Thursday, January 27, 2011

High Score, Dad!

I was playing the rom from my old Tetris DX game for Gameboy. Don't ask, I had a disk packed with copies of games I've bought in the event (as like now) that I can't find the real cartridge.
When I loaded it up it had only one choice, "Entry". Entry is where you type in your player names into one or all of three slots.
On the cartridge I have two slots taken by names. One saying BRENT and the other saying DAD. I was reminded of him, even when this rom was clean. No high scores, no save files and no DAD, but Tetris was his game and it became mine as I got better at it. Eventually he had no high scores on the cartridge, because I had beaten them all in Marathon and 40 Lines after he'd died.
I've always been very quick to adapt and I don't often miss people. It is something I atone to me being a water sign and I am quick proud of.
Sometimes, however, like these times, I do miss people and then it passes.
Here was this game that had always had somewhat of a melancholy theme and it lacked the BRENT and DAD I had never put the effort in to change.
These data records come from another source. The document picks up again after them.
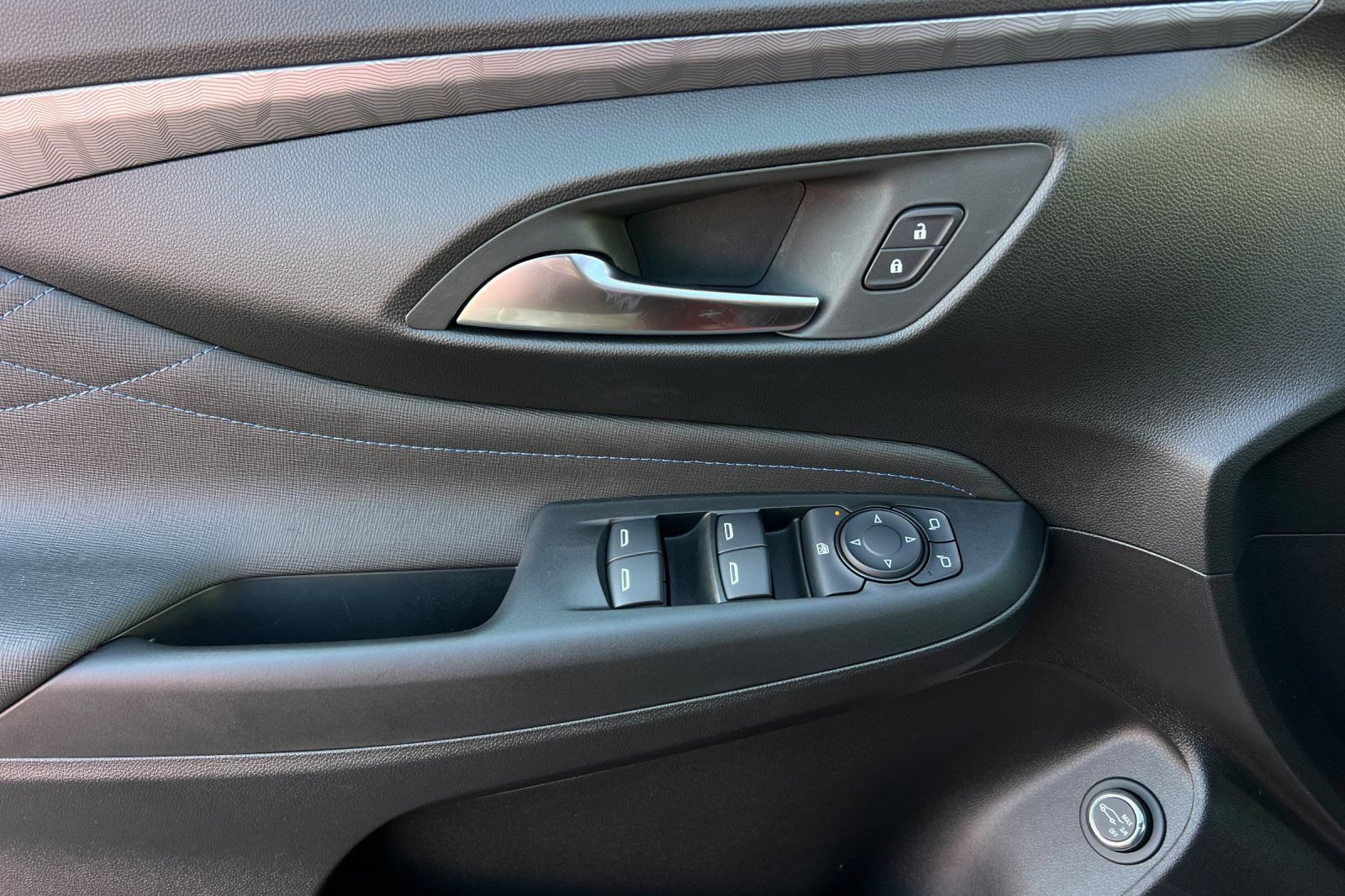 New 2026 Buick Envista Sport Touring w/ Convenience I Package FWD image 8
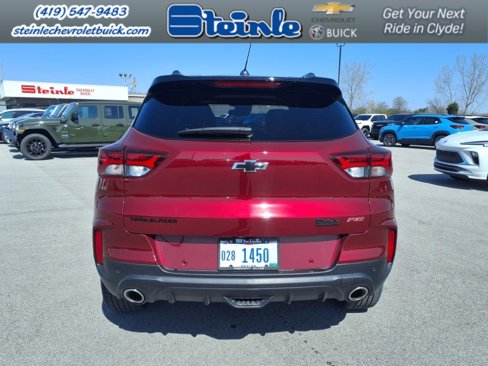 Used 2022 Chevrolet TrailBlazer RS w/ Technology Package image 9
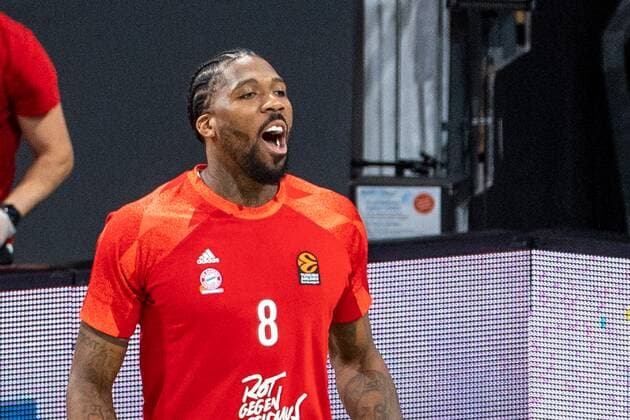 Siegesschrei von Jalen Reynolds 8 (FC Bayern), FC Bayern Basketball vs. Maccabi Tel Aviv, EuroLeague, 25.02.2021 Muenchen Bayern Deutschland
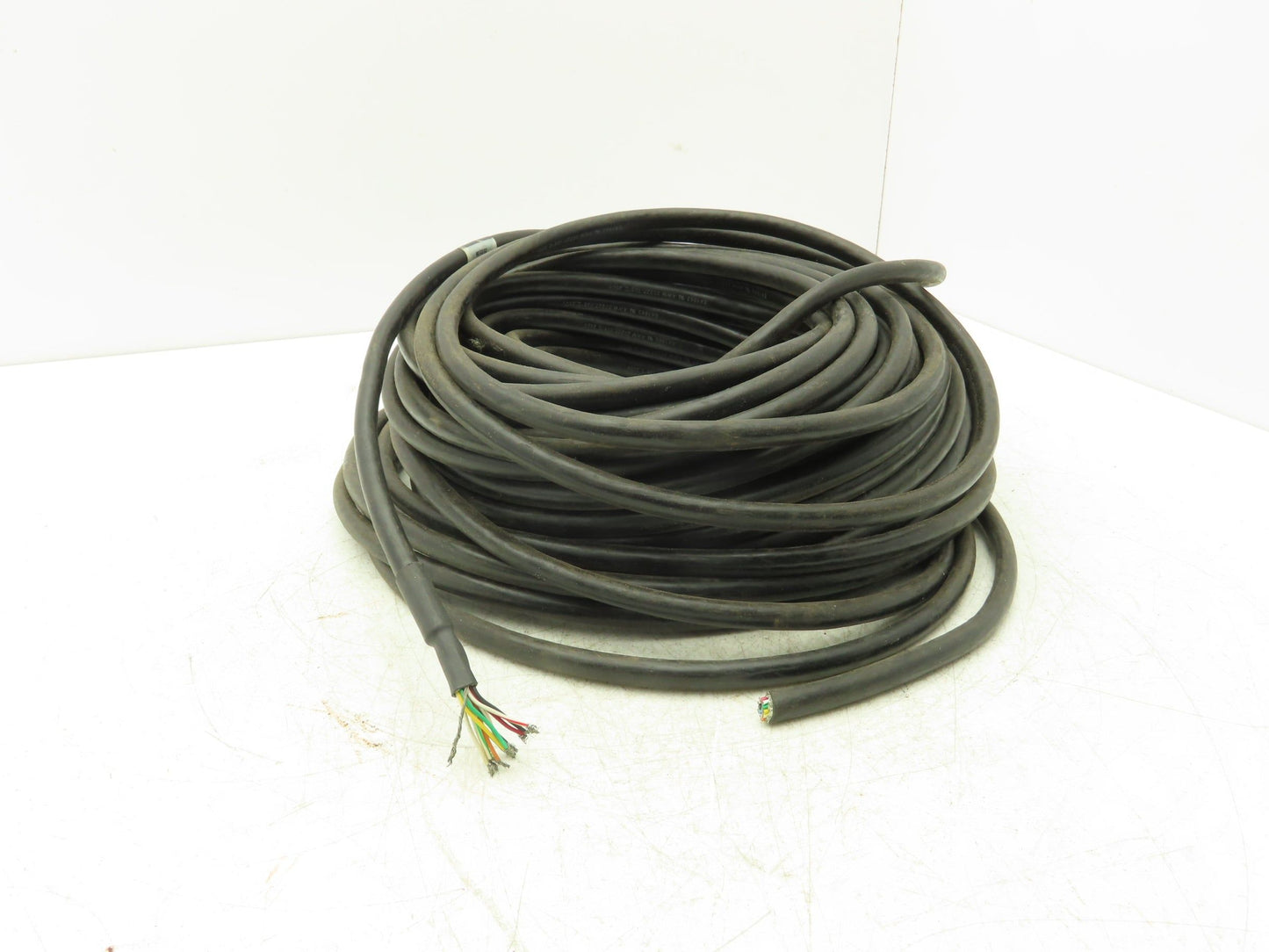 2090-CDNFDMP-S60 Servo Motor Cable 300V 12 Conductor & Ground 75' Black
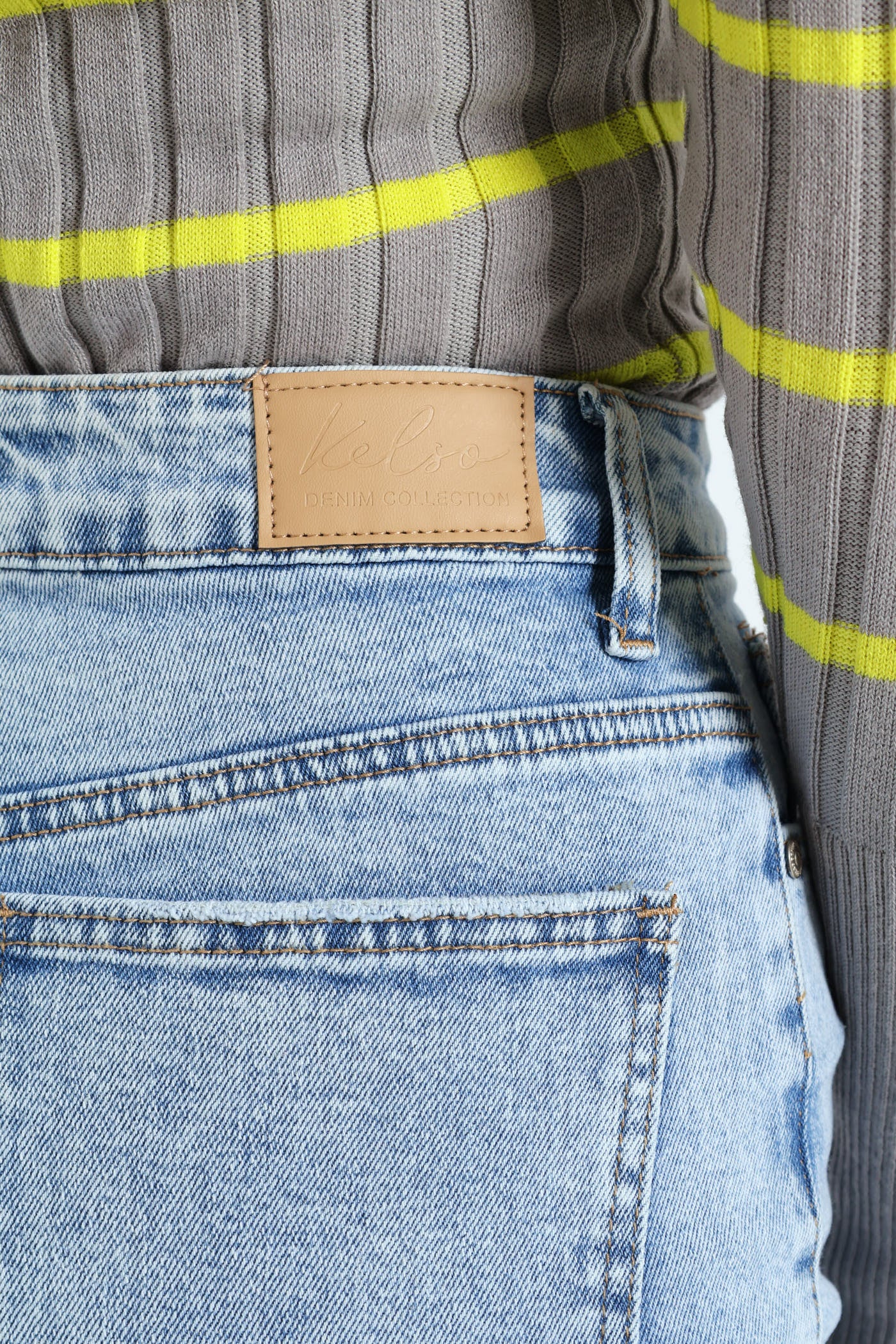 Wide Turn Up Hem Jean - Light Wash - Image 5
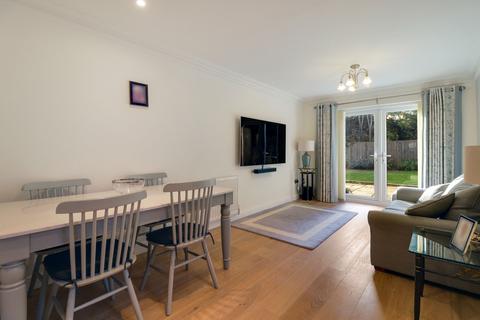 4 bedroom detached house for sale, Manor Road North, Hinchley Wood, KT10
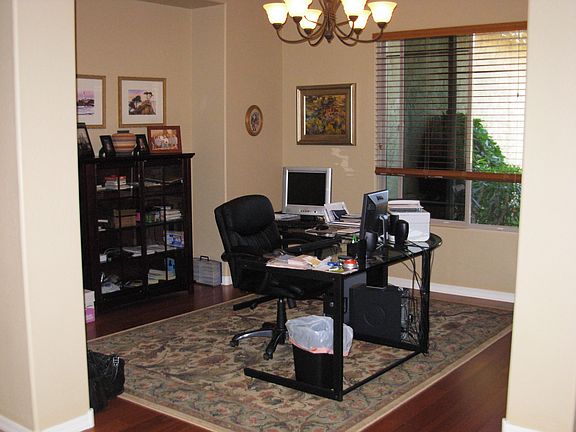 5th image of 625 E Bellerive Pl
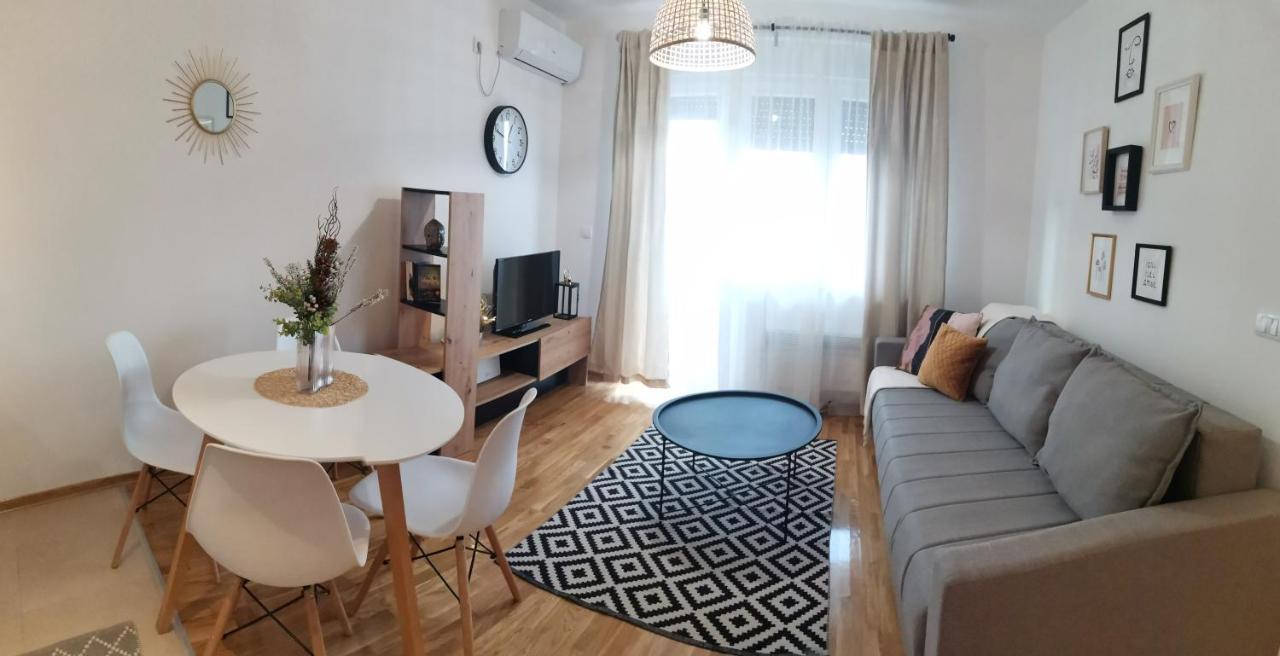 Apartman Kardas Vrnjačka Banja Exteriör bild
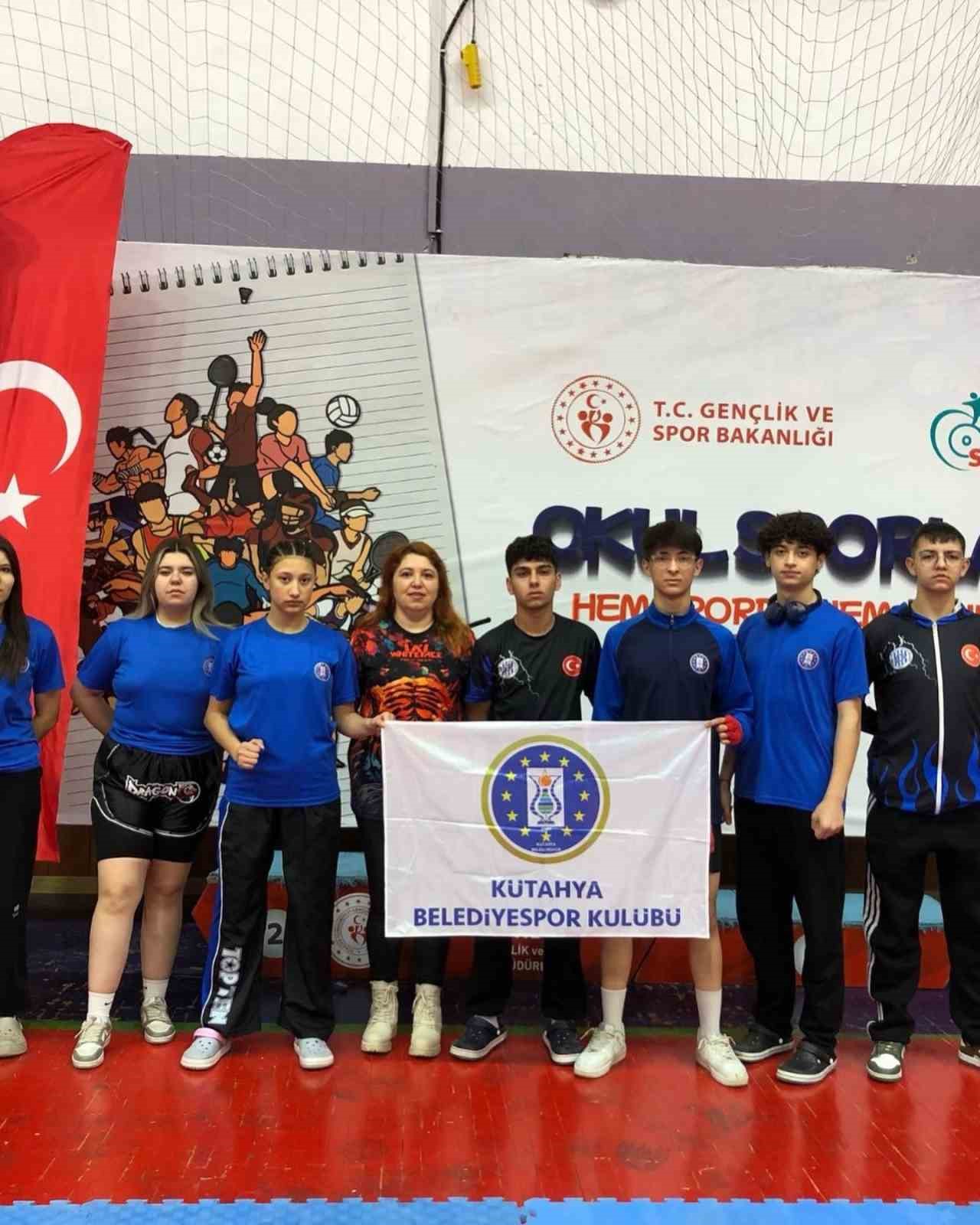 K&uuml;tahyalı gen&ccedil; sporcular T&uuml;rkiye Kick Boks Şampiyonası&rsquo;ndan madalyalarla d&ouml;nd&uuml;
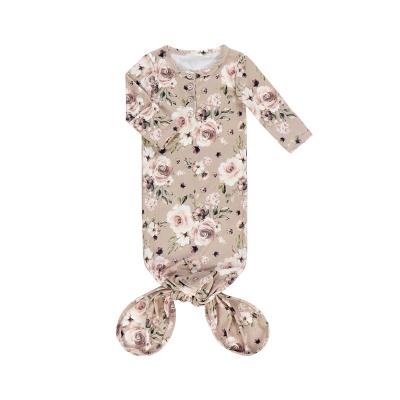 China Eco-friendly Brief Over No Scratch Mitt Infant Layette Wrap Wear Sleep Bag Tied Baby Gown for sale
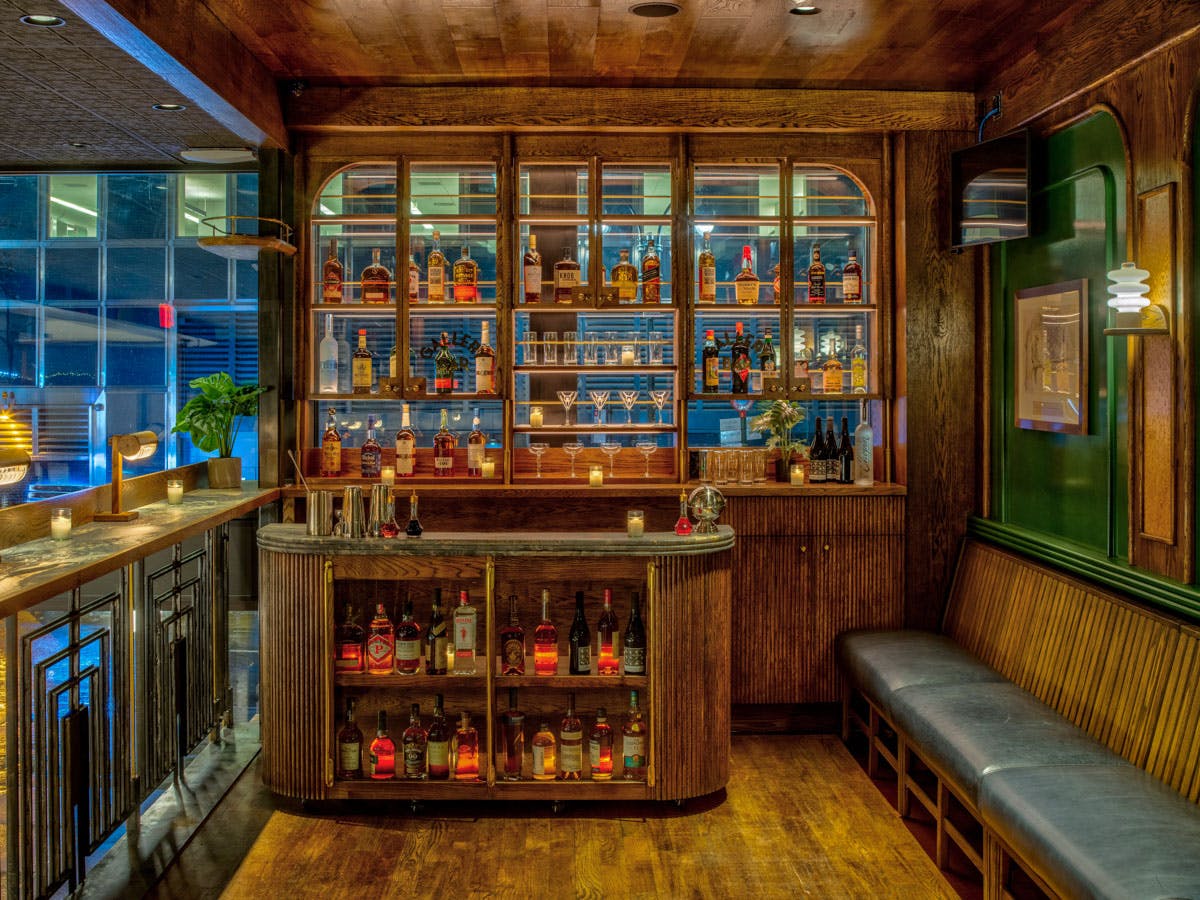 Gallery Mezzanine, Restaurant event space at Albert's Bar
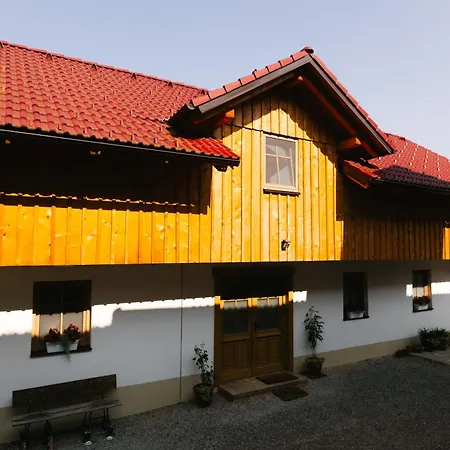 Homestead Lukec - Archery, Bbq, Escape Room, Kayaking Apartment *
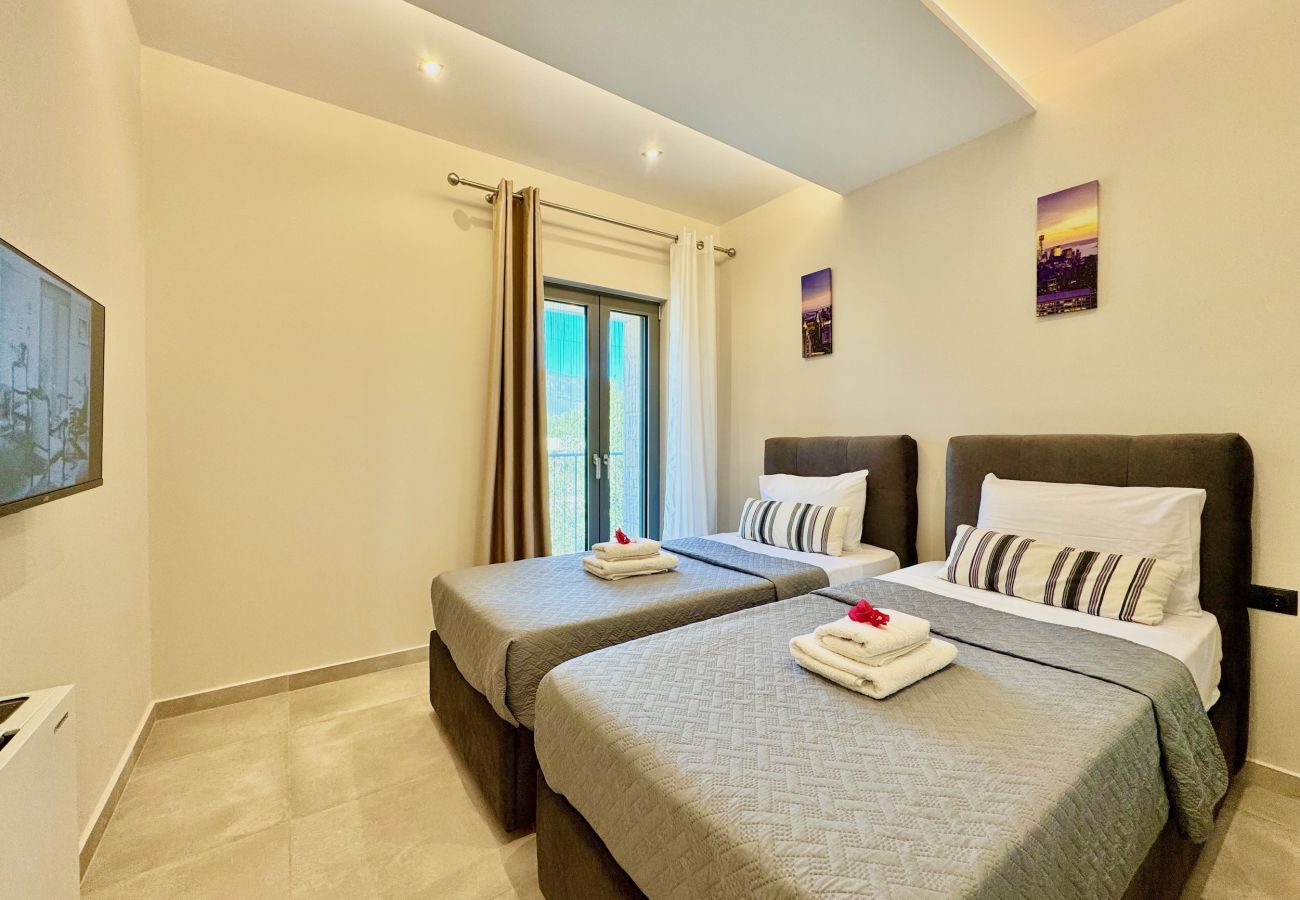 Villa in Dassia - Luxury Villa Mateo with private pool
It's weird the things you remember about people though or the things that remind us of them, too.
When it comes to, say, one of the girls I particularly cared for then it's how it feels to have put my arms around their waste when standing behind them, or the first time I kissed Emma in particular, or this one memory of sitting across ways on a small staircase while my first girlfriend leaned back against my middle section. That memory in particular was during a rough time for me and I remember just how calming and centering it was for me in that moment.
Or perhaps the smell of beer. As many times since that I've drank, the smell of domestic beer always takes me back to sitting on the front porch of my Aunt Cyndi's summer home at Lake Gaston. It was vacation spot and generally at one person or another always one on hand.
The smell of nail polish reminds of my Mother's old nail specialist back in Suffolk, Virginia. No surprise.
My dad.... Well, the most vivid memory I have is how ruff the stubble on his face was against my hand or my cheek. I didn't care back then, but it's something of a precious memory now.
As many times as I've smoked and the fact that I generally hang out with smokers, you'd think this thought would have perished. the smell of good cigarettes still takes me back to sitting on the front stoop in Chesapeake where my dad was sitting in a chair watching the lightning shatter the sky. In fact, I've always loved the smell. It's like going home for the first time in years.
Cigars on the other hand, which I prefer for myself on rare occasion, by the way, remind me in scent of Rusty. He smokes cigars and I remember a rather ridiculous action he did through blowing smoke out his mouth, sniffing once then acknowledging it with a "hm."